Tiles: “local quality product” – The roof and floor tiles are made in a local atelier in the surroundings of Muyinga. The tiles are made of baked Nyamaso valley clay. After baking, their color renders beautifully vague pink, in the same range of colors as the bricks. Each roof surface in the library design consists of around 1400 tiles. This roof replaces imported currogated iron sheets, and revalues local materials as a key design element for public roof infrastructure.

Internal Earth plaster: “simple but sensitive” – Clay from the valley of Nyamaso, 3 km from the construction site, was used for its pure and non-expansive qualities. After some minimal testing with bricks, a mix was chosen and applied on the interior of the library. The earth plaster is resistent to indoor normal use for a public function, and has turned out nicely.

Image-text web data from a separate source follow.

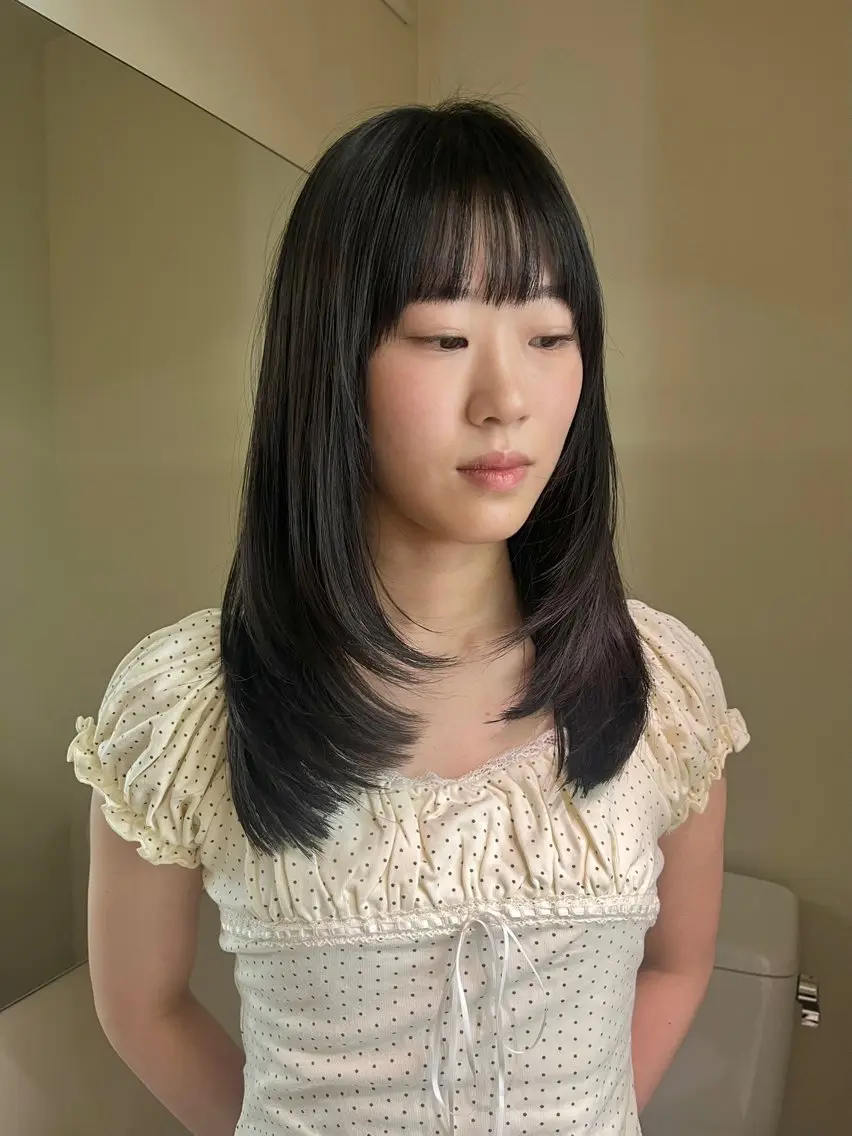セミロング JUURI- Shionのヘアスタイル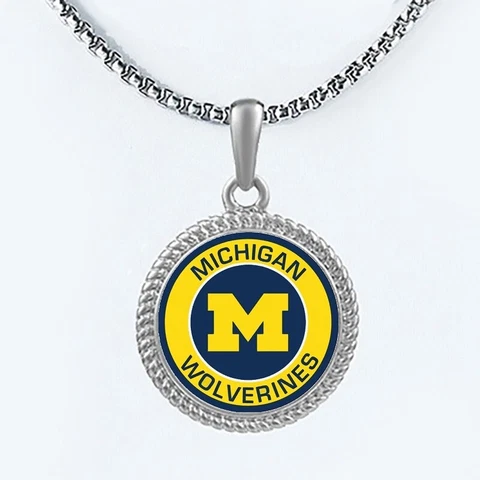 Michigan Wolverines Mens Womens 20" Lnk Chain Pendant Necklace w Gift Pkg D22 Cover
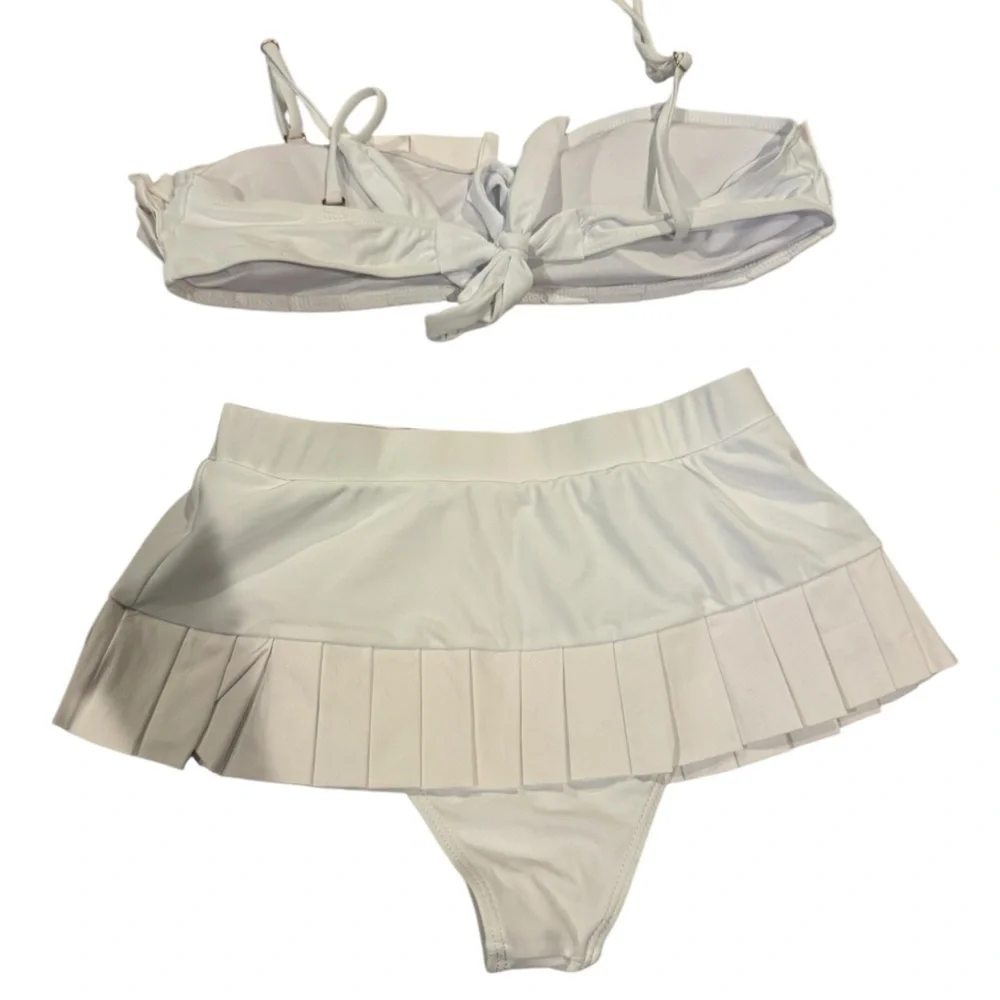White‎ Pleated Bikini Set with pads
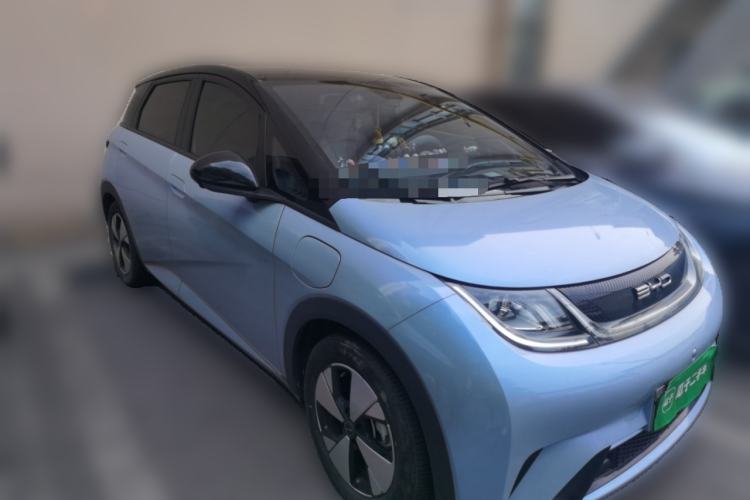 Used BYD Dolphin 2023 420 km Fashion Edition Front Right 45 Deg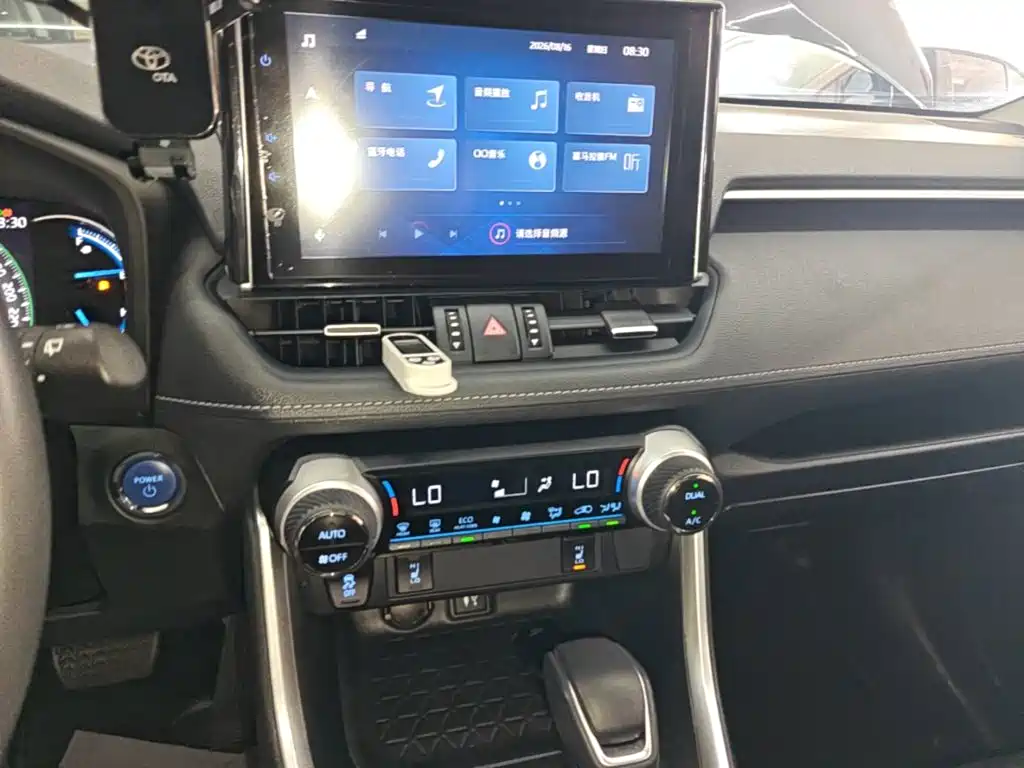 Toyota RAV4 2023 — фото 13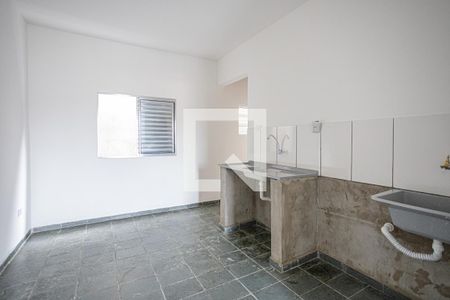 Kitnet de apartamento para alugar com 1 quarto, 25m² em Km 18, Osasco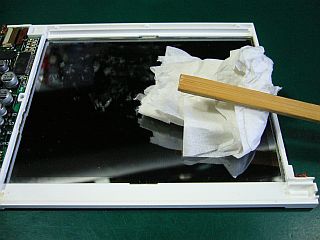 図9:仕上げには竹串とトイペが良! <click>→図10:コントロール基板や駆動基板はビスで固定したままが良!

Bamboo: “Weaving lamp fixtures” – Local bamboo is not of construction quality, but can nicely be used for special interior design functions, or light filters. In a joint workshop with Burundians and Belgians, some weaving techniques were explored, and in the end, used for the lamp fixtures inside the library.

Sisal rope: “from plant to hammock” – Net-making from Sisal plant fibres is one of the small micro-economies that bloomed in this project. It took a lot of effort to find the only elder around Muyinga that masters the Sisal rope weaving technique. He harvested the local sisal plant on site, and started weaving. In the pilote project, he educated 4 other workers, who now also master this technique, and use it as a skill to gain their livelihood. The resulting hammock serves as a children’s space to play, relax and read, on a mezzanine level above the library space.

Concrete “when it’s the only way out” – For this pilot project, we didn’t want to take any risks for structural issues. A lightweight concrete skeleton structure is inside the CEB columns, in a way that both materials (CEB and concrete) are mechanichally seperated. The CEB hollow columns were used as a “lost” formwork for the concrete works. It is our aim, given our experience with Phase 1, to eliminiate the structural use of concrete for future buildings.